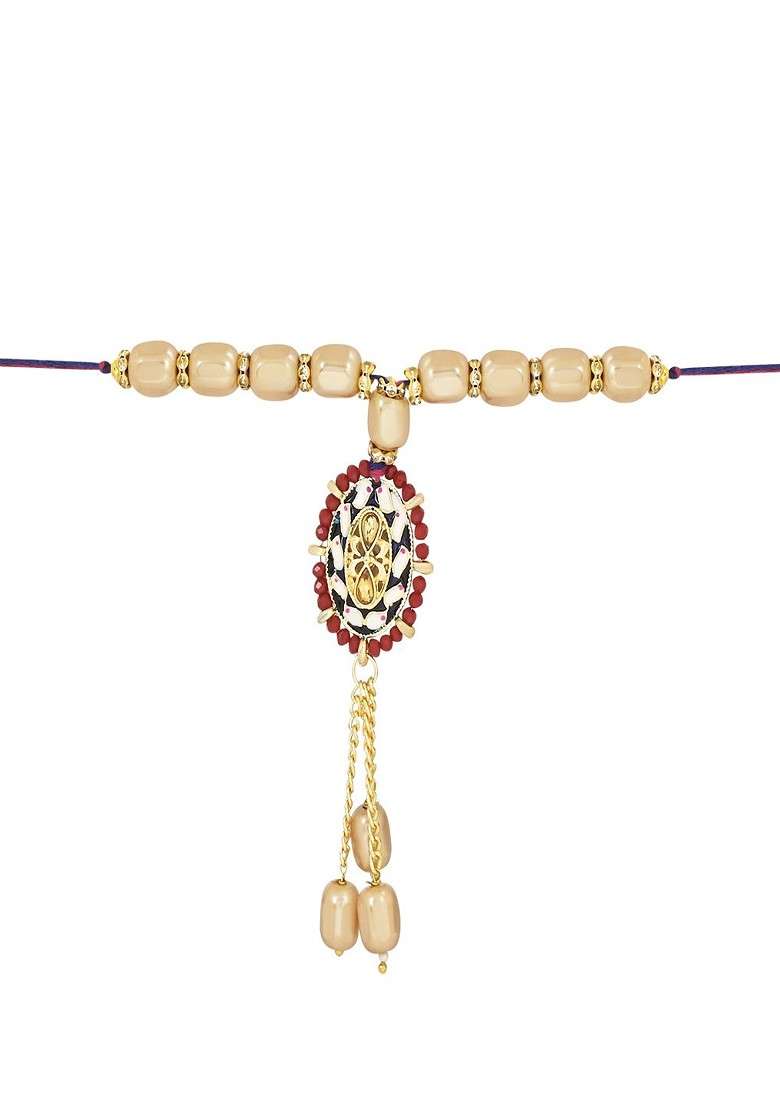Women Pearls Beaded Lumba Hanging Thread Rakhi - Indya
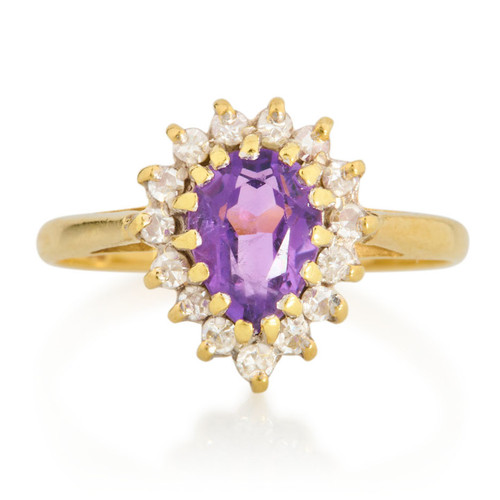 Second Hand 18ct Gold Amethyst and Diamond Cluster Ring Front View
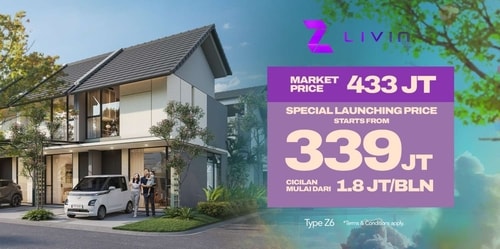 Rumah XYZ Livin Tipe Z6B Lippo Cikarang | 2 Lantai 1 Kamar Tidur 1.5 Kamar Mandi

**Exercise aim:**
Beginning with the line that contains "Second Hand 18ct" and ending with the last line of the data, restate each line word for word. Exclude the pictures.

**Answer box:**
 Second Hand 18ct Gold Amethyst and Diamond Cluster Ring Front View
 Rumah XYZ Livin Tipe Z6B Lippo Cikarang | 2 Lantai 1 Kamar Tidur 1.5 Kamar Mandi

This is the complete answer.